• [GIVEN DATA]
++++++

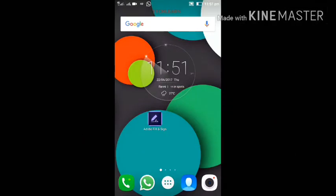This is the application called Adobe Fill & Sign.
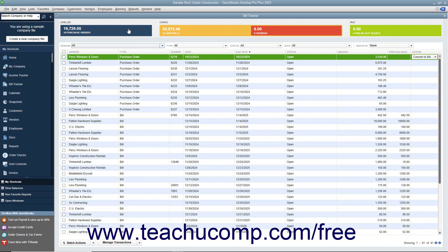You can click the colored bars at the top of the window to filter the list and display only the unbilled, unpaid, or paid items within the list.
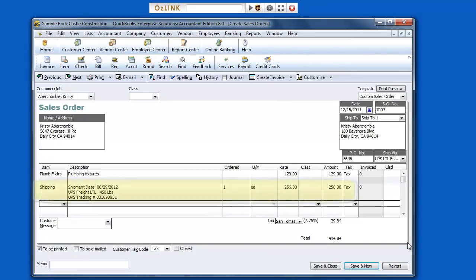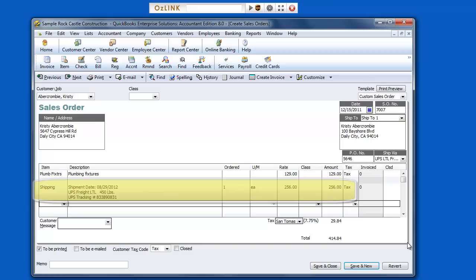As UPS WorldShip is printing my bill of lading, Auslink will automatically update my QuickBooks sales order with shipment details. In this case, I've configured Auslink to update the shipping date, weight, pro number, and add the shipping cost to my sales order.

++++++

• [PROBLEM] Drop every image, please, and write out the data above exactly as shown.

• [TASK ANSWER]
This is the application called Adobe Fill & Sign.
You can click the colored bars at the top of the window to filter the list and display only the unbilled, unpaid, or paid items within the list.
As UPS WorldShip is printing my bill of lading, Auslink will automatically update my QuickBooks sales order with shipment details. In this case, I've configured Auslink to update the shipping date, weight, pro number, and add the shipping cost to my sales order.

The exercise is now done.